Source material Block Start

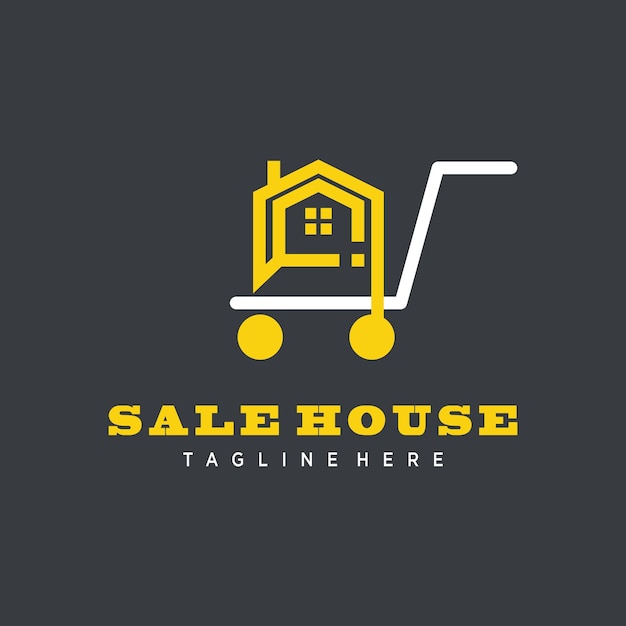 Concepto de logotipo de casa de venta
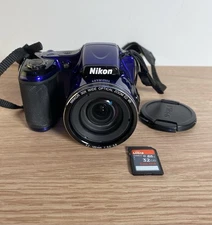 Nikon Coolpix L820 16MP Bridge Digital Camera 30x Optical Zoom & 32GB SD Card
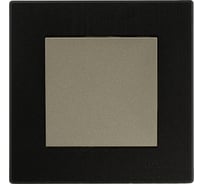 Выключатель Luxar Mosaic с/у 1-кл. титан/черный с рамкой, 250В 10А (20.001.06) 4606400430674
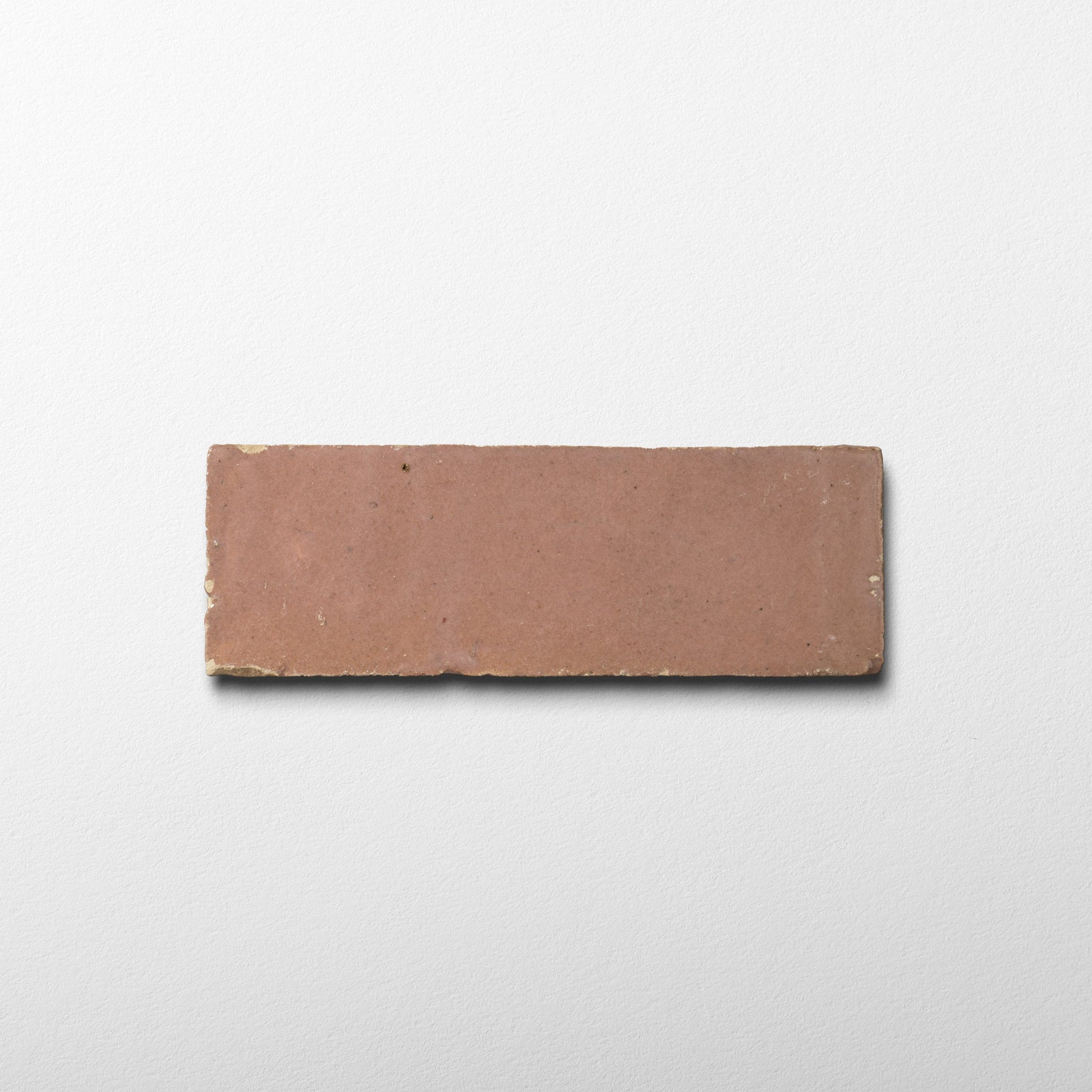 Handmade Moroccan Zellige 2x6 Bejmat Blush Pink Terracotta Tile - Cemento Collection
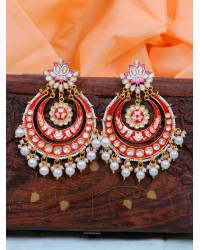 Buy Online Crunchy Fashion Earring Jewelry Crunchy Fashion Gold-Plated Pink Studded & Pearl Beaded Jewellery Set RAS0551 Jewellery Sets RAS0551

Source material Block End

What you will do:
Return every line shown above without changing a word, and skip the pictures.

Result for this task:
 Concepto de logotipo de casa de venta
 Nikon Coolpix L820 16MP Bridge Digital Camera 30x Optical Zoom & 32GB SD Card
 Выключатель Luxar Mosaic с/у 1-кл. титан/черный с рамкой, 250В 10А (20.001.06) 4606400430674
 Handmade Moroccan Zellige 2x6 Bejmat Blush Pink Terracotta Tile - Cemento Collection
 Buy Online Crunchy Fashion Earring Jewelry Crunchy Fashion Gold-Plated Pink Studded & Pearl Beaded Jewellery Set RAS0551 Jewellery Sets RAS0551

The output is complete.